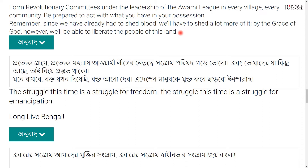From the notes, we can see people's lives — the struggle. This time, is a struggle for freedom. This time, is a struggle for emancipation. Long live Bengal. Lastly, Long live Bengal, which is a struggle for you.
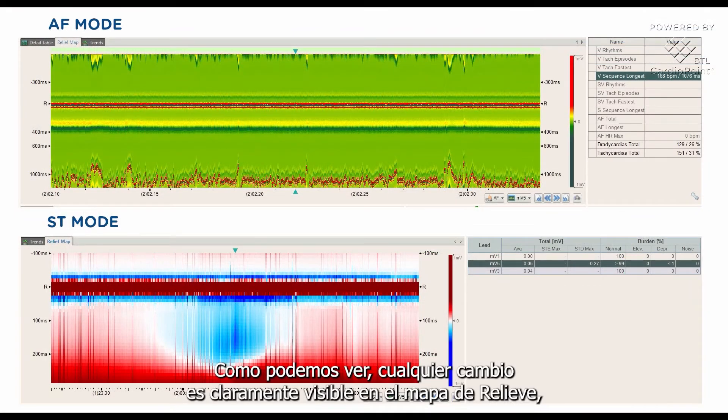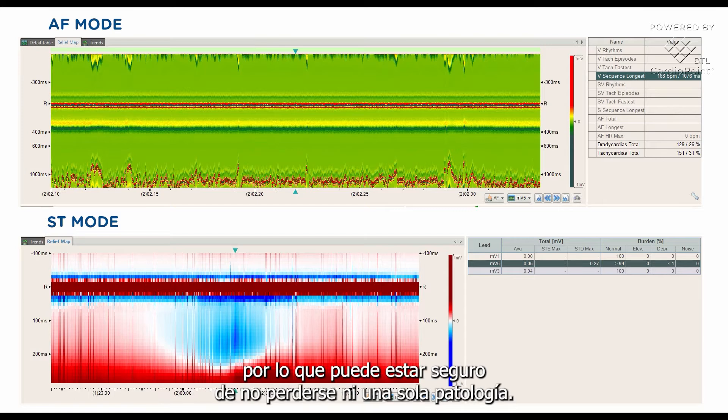As we can see, any changes are clearly visible on the relief map, so you can be sure not to miss a single pathology.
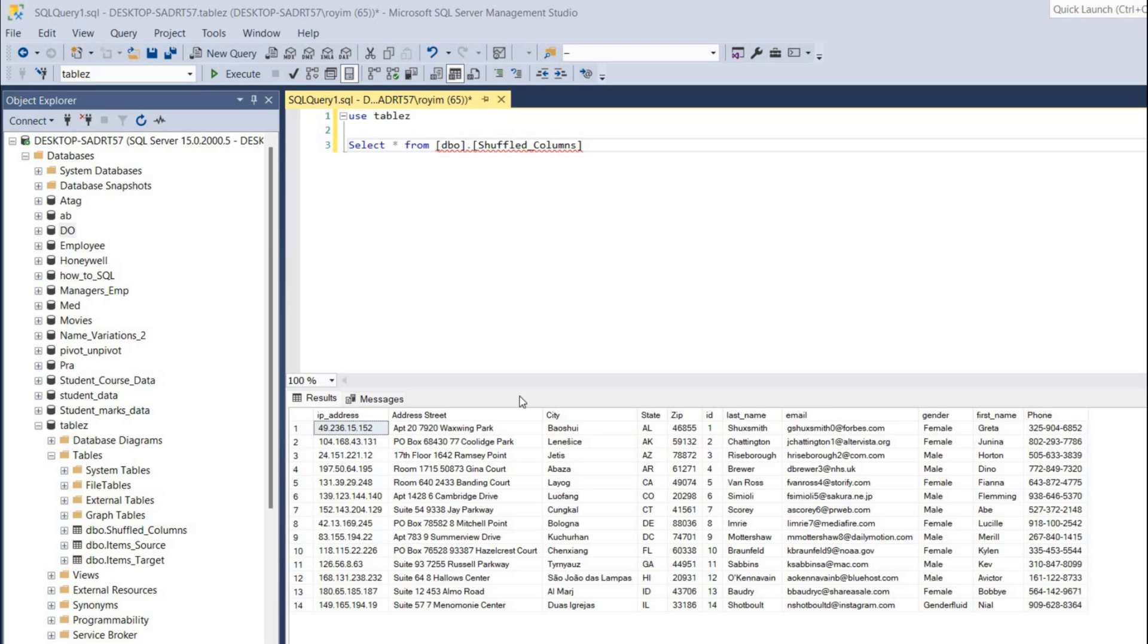Hello and welcome back to my channel. Today we are going to see how we can reorder the columns in SQL. As you can see in this database, our dataset is not in correct order - it is shuffled.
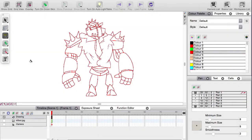Hello everyone, welcome to Onion Skin, continuing on with the Drawing in Toon Boom videos.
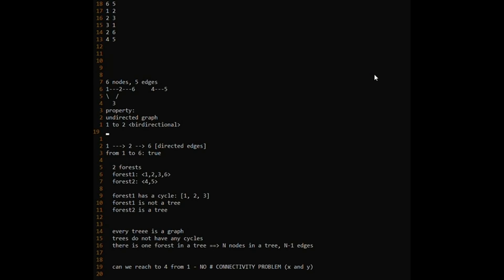Now let me also talk about DFS. DFS stands for depth-first search traversal. It's a function in which we pass in a node and it is responsible for traversing all the nodes which we can reach from that particular node. If we perform a DFS traversal from node 2, it should traverse nodes 1, 2, 3, and 6. DFS is essentially iterating on all the nodes in a given forest.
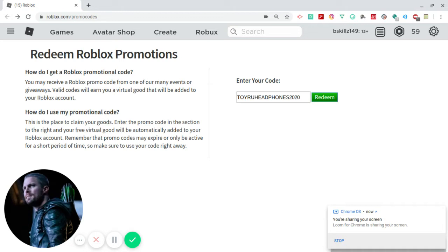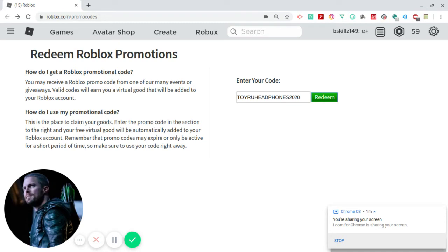According to Blacksy News and Redco 2019, we now have a brand new promo code. It has been a very long time since we've done a promo code video here on the channel. But today, this promo code that you see right now in the box is your new promo code for the month of May, ladies and gentlemen: Toy Are You Headphones 2020.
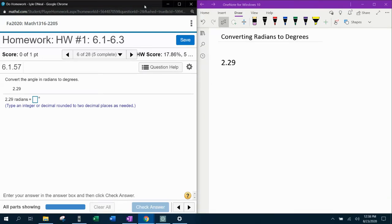All right, here we go. Question number six from our 1316 homework number one in MyLabMath, and they want us to convert the angle in radians to degrees.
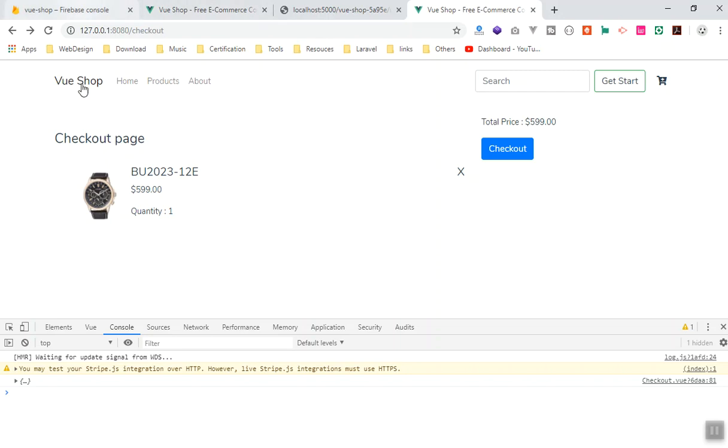I just need the quantity - how many they want - and I need the ID of this one. Then based on that I can take that product from database, I can multiply the quantity by the price, and then I can charge the user in the Firebase Cloud Function. I hope it has been informative and helpful. Thank you for watching and see you in the next video.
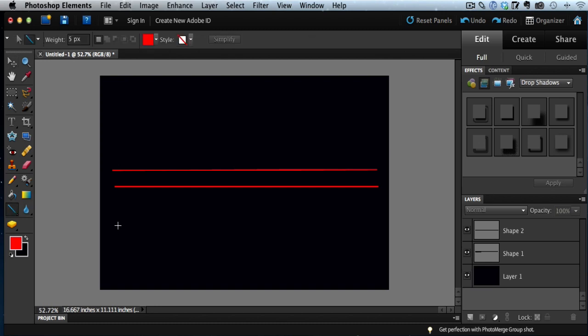In fact, watch what happens when I actually try to do a squiggly line. I'll do the same thing. I'm holding down my left mouse button and the shift key. I start drawing my line and look at that. See my mouse cursor?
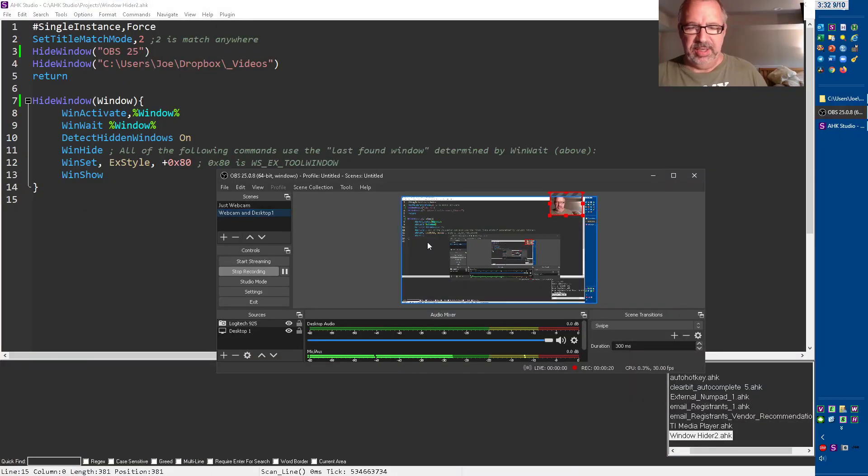Anyway, I wanted to record a video here demonstrating a script I wrote when I was making my Udemy courses. Let me demonstrate, let me show you the desktop here.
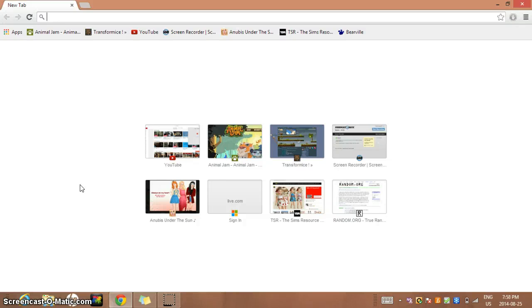Hi Emma, I promised I would tell you how to get and download custom content for The Sims 3, since you got The Sims 3 again. But I don't know if we're going to be seeing each other again this summer, and it's hard to just explain it, so I need to show you, so I'm making this video for you.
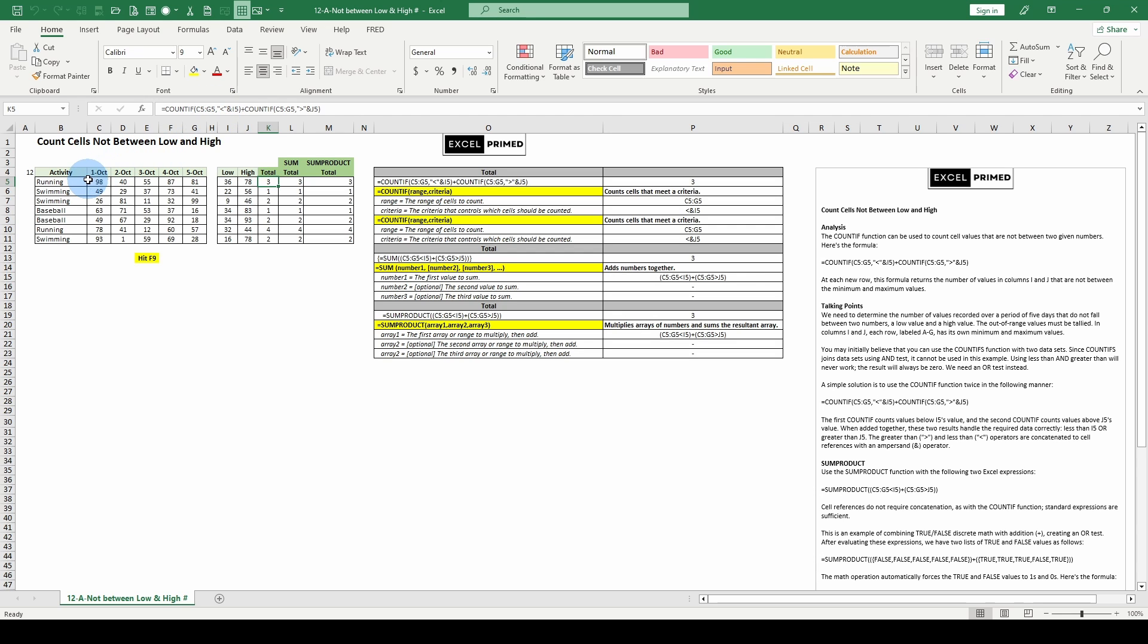Our range, it's going to be across here. What is our criteria? It's got to be less than I5. Count less than I5. Go over to our second criteria, COUNTIF.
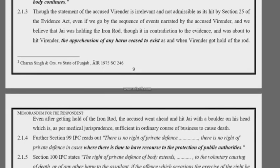Then come the citations. Citations allow you to add the authority where the judgement was pronounced.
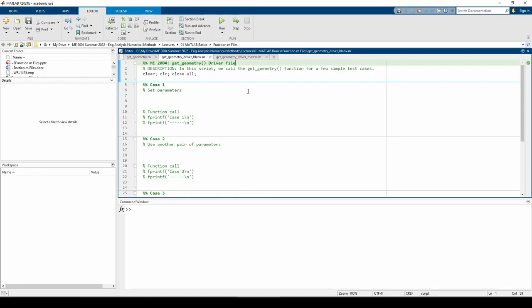In this two-part video, we'll learn how to write user-defined functions in MATLAB. The last video explained the purpose and syntax of functions. This video dives into MATLAB to practice calling a function. More specifically, we're going to be using the get_geometry function from the last video.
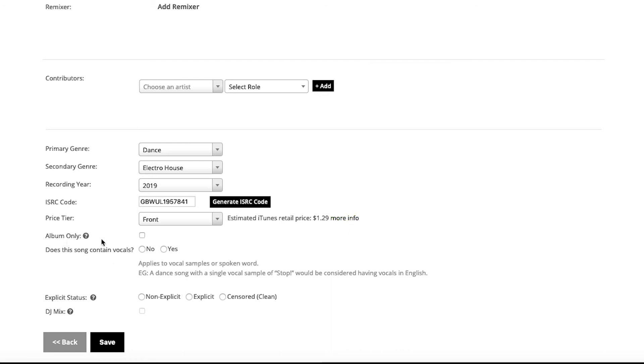Album Only is kind of something that is likely going away in the future because downloads are changing and evolving. That will make it so that the only way anybody can use or buy that track is if they purchase the entire album. It's not really relevant for a single, so we will just leave that unchecked.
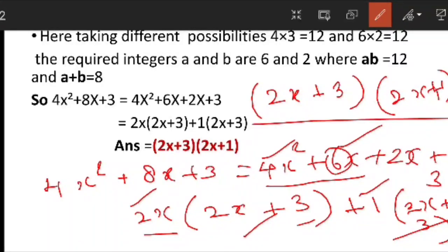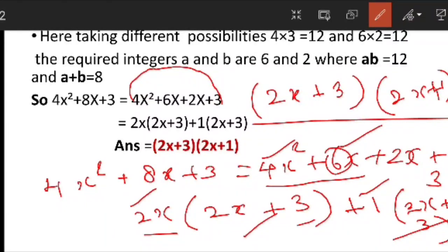This is very easy if you understand well. Similarly you can do all the problems in the chapter. First multiply the coefficient of x squared and the constant term, then find two factors whose sum gives the middle term coefficient. By doing problems regularly you will find it easy to calculate. I think you understand clearly. We will meet in the next session. Take care.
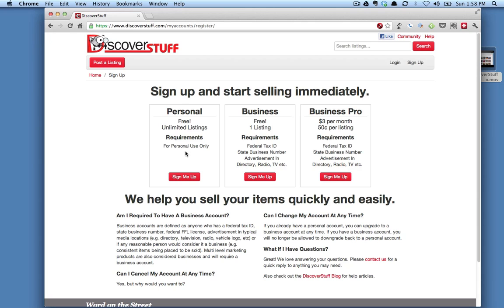Businesses do have a couple of options. We do allow businesses to post a single listing for free. They are limited so anytime that they try to post a second or third listing, they're going to be requested to bump to the Business Pro account. The Business Pro account is $3 a month and 50 cents per listing. We find it's a very economical way to promote your business.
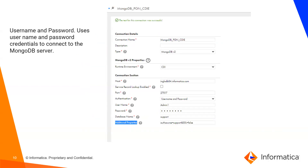For username and password authentication, select the authentication mechanism as username/password and specify your username and password. The auth source by default points to admin. If you have a different database to use for authentication, you must mention it in additional properties as authSource equal to the database name. By default, SSL is enabled, so if your MongoDB is not SSL enabled, you need to explicitly set SSL equal to false. If you have multiple additional properties, use an ampersand to separate them.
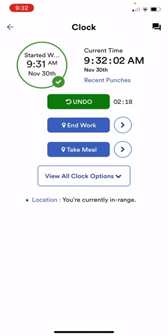When you come back from your lunch break you'll see that the start work button is available again, so you'll click the start work button and your time will begin recording again.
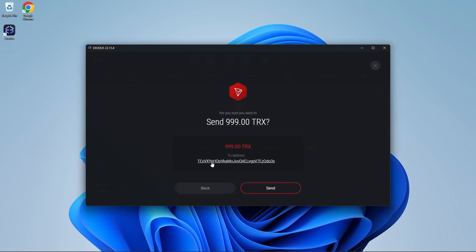Once you have entered the wallet address and the amount you want to send, press send. It's going to confirm with you if you want to send this amount to this address. Press send.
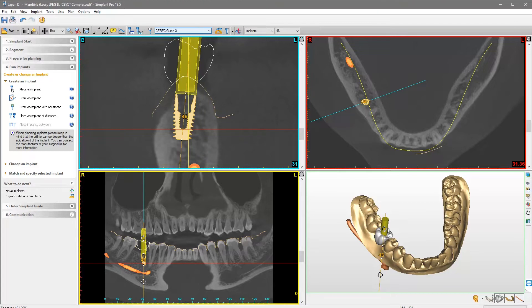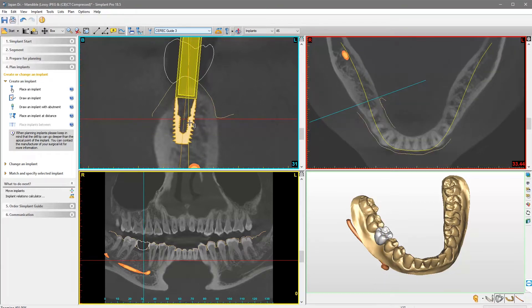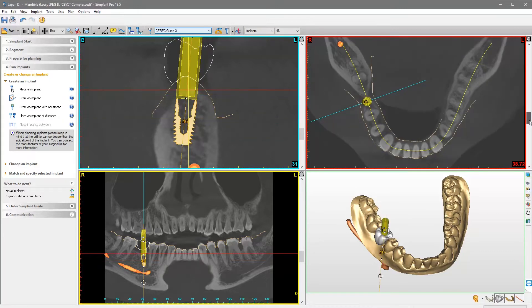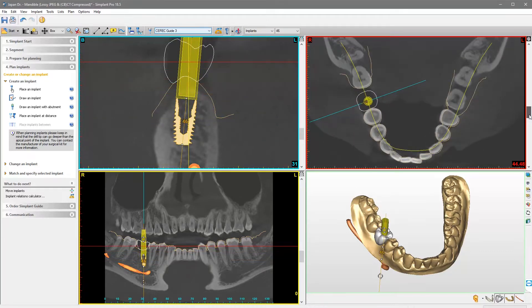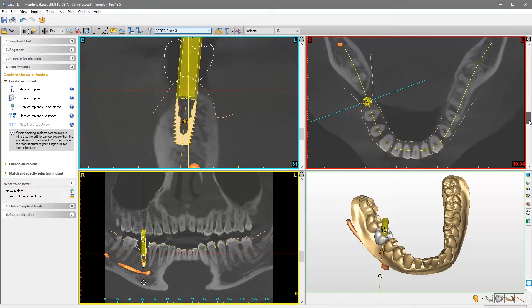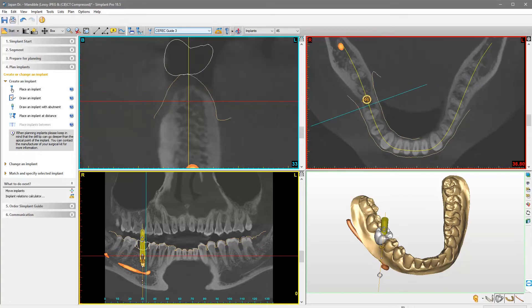Move the mouse on top of the implant body, and click and hold the left button to drag the implant to a new location. We check in the axial view and continue in the panoramic view.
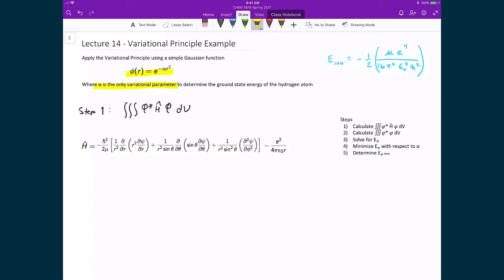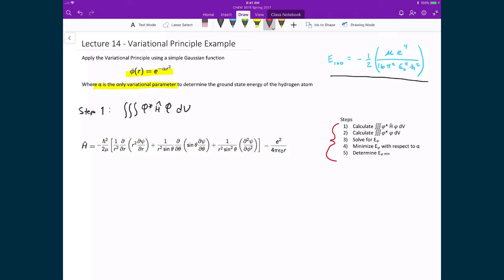We will compare our result to the actual analytically determined value, which is negative one-half times the reduced mass mu times the charge raised to the fourth power, divided by 16 pi squared epsilon-naught squared h-bar squared. To do this, we follow five steps: first, calculate the integral of phi-star times the Hamiltonian applied to phi; second, calculate the integral of phi-star times phi; third, solve for the energy of phi; fourth, minimize that energy with respect to alpha; and fifth, calculate the minimum ground state energy using E_phi.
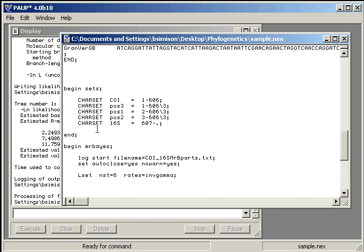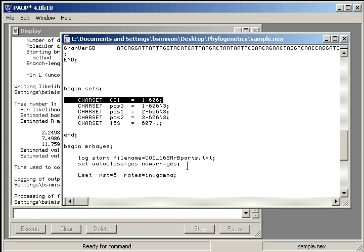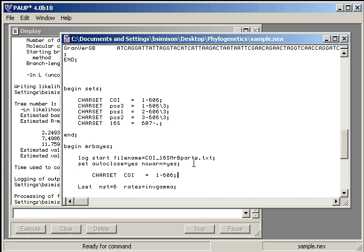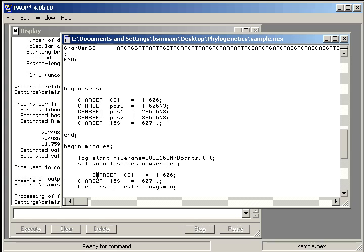And now let's create our character sets. In this case, let's just do CO1 and 16S. There's our CO1 and our 16S. I like to make them pretty.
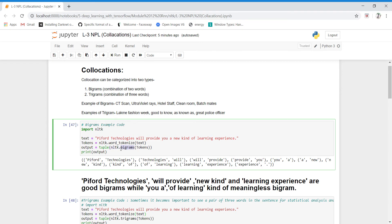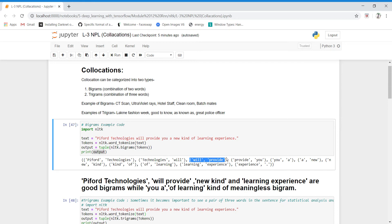After tokenizing the sentence into tokens, we use nltk.bigrams. The NLTK module has a bigrams method — by using this method we convert our tokens. We implement the bigram method on our tokens and when you print the output you get tuples where every tuple is a group of two words. For example: 'Pyfer' and 'technologies' is one bigram, 'technologies' and 'will' is another bigram, 'will' and 'provide' is another — this is how the whole sentence gets divided into pairs of two words.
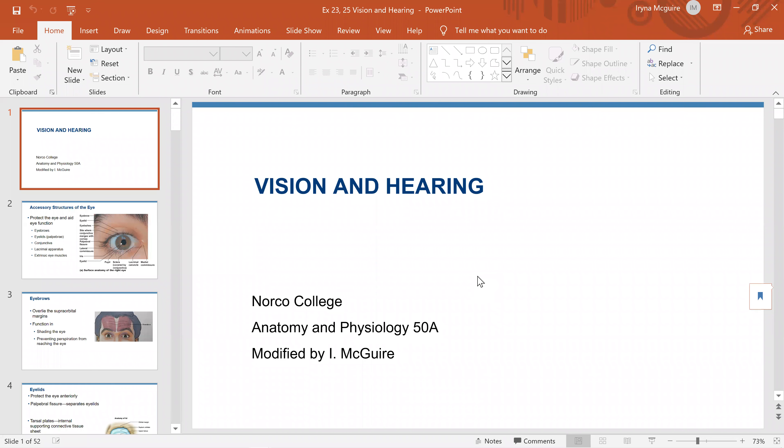Hello everybody. In this video lecture we will cover anatomy of the eye. The eye is a special organ and it's part of the sensory nervous system. This topic is from special senses, specifically vision and hearing. In this lecture we will only cover anatomy of the eye, and then I will record another video about anatomy of the ear.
######
— ASSIGNMENT —
Give back, exactly as written, the lines from the top of the material above to the line containing "Hello and welcome", both included; skip every picture.

— OUTPUT OF THE TASK —
From the notes, we can see people's lives — the struggle. This time, is a struggle for freedom. This time, is a struggle for emancipation. Long live Bengal. Lastly, Long live Bengal, which is a struggle for you.
As we can see, any changes are clearly visible on the relief map, so you can be sure not to miss a single pathology.
Hello and welcome back to my channel. Today we are going to see how we can reorder the columns in SQL. As you can see in this database, our dataset is not in correct order - it is shuffled.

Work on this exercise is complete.